First and foremost I have to say that Q was always my second favorite Bond character. However, did he ever think, “I bet James could really use this gadget if (insert random situation) were to ever occur.” But rather than dwelling in what should probably never happen, let’s examine what would happen if these gadgets made an appearance in our mild-mannered civilian lives, what kind of damage would they cause? Some gadgets like a God phone (Tomorrow Never Dies) or an Aston Martin (Lots) have zero drawbacks, well except for the fact that you will likely run over numerous attractive women throwing themselves at you while you drive the Aston Martin. Others… not so much.

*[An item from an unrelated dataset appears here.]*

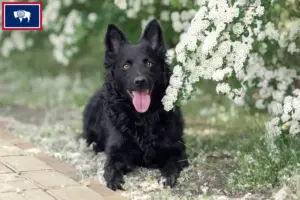 Read more about the article Mudi breeders and puppies in Wyoming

1. Broom Walkie Talkie (License to Kill)
Immediate danger seems to be little to none, I mean how many brooming accidents do you hear about each year? Moving on from possible dusty-bristles-in-the-eye, this gadget poses a secondary threat. Let’s say you are sweeping your carport, and suddenly you are thirsty. Of course rather than wasting valuable sweeping time walking into the house, you radio in for assistance. Then your neighbor sees you radioing from your broom, and says, “So Carl, I guess you went all out and bought the Q16 Commune-O-Broom?” So your neighbor and you start talking about, “My wife is such a bitch…” or “Guess what Johnson, and by Johnson I mean my…” and you leave the receiver on so your wife hears. BAM, no sex ever again. Since the ratings are judged by potential bodily harm, this one is near the bottom. While blue balls or a kick to them are painful, as all guys know these things pass with time.
2. Electro-Magnectic RPM Controller (Diamonds Are Forever)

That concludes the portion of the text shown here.